L’essenza dello spazio, nella poetica filosofica di Michelstaedter, è negata dall’infinità del mare; questo mare che sarà sempre amato dagli uomini liberi e che (potremmo dire), come sempre ha negato la sua fruizione ai rematori delle galere. Chi è schiavo “serve” per sottrarre lo spazio ai padroni dell’abisso marino.
Ed appunto I figli del mare è il titolo che il curatore ha attribuito a questa poesia, una delle ultime e più dense, che ha scritto il morituro (come lo siamo tutti) Michelstaedter.

Ritornate alle case tranquille
alla pace del tetto sicuro,
che cercate un cammino più duro?
che volete dal perfido mare?
Passa la gioia, passa il dolore,
accettate la vostra sorte,
ogni cosa che vive muore
e nessuna cosa vince la morte.
Ritornate alla via consueta
e godete di ciò che v’è dato:
non v’è un fine, non v’è una meta
per chi è preda del passato.
Ritornate al noto giaciglio
alle dolci e care cose
ritornate alle mani amorose
allo sguardo che trema per voi
a coloro che il primo passo
vi mossero e il primo accento,
che vi diedero il nutrimento
che vi crebbe le membra e il cor.
Adattatevi, ritornate,
siate utili a chi vi ama
e spegnete l’infausta brama
che vi trae dal retto sentier.

La casa tranquilla, l’essere utili, le dolci e care cose, sono le illusione della Rettorica, la lusinga di un’esistenza pacata appesa ad un gancio che tenta di sostenere il peso.
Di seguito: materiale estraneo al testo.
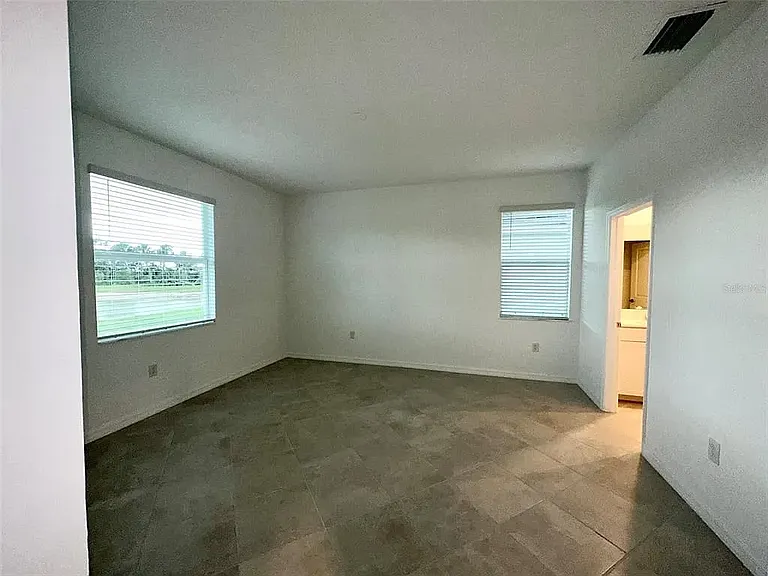 11343 Burgundy Dr — Photo 18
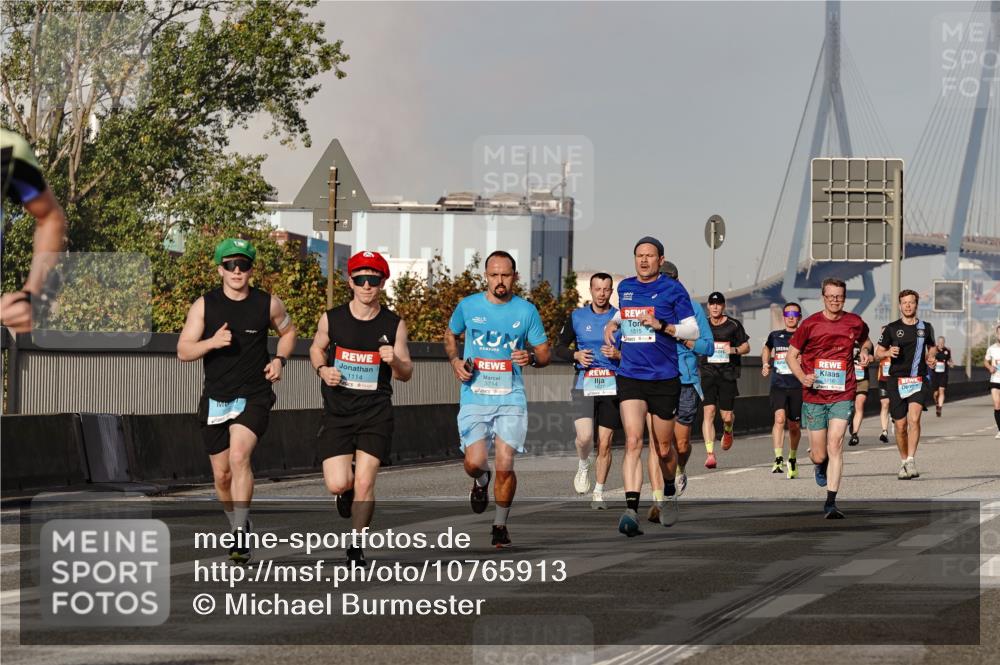 03.10.2026 - Köhlbrandbrückenlauf Michael Burmester http://msf.ph/oto/10765913 03.10.2026 09:45:20 Position 3 1114, 3714, 1515, 1216 meine-sportfotos.de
Soffrire nel non poter sprofondare, di-pendere dal lavoro nell’incapacità dell’affrancamento: la morte che siamo, la vita che siamo nelle trame del connubio inestricabile che si chiama realtà. La morte, questa temibile arma naturale, deve essere accettata. Chi ne ha paura è gia morto. L’esistenza dev’essere dis-armante.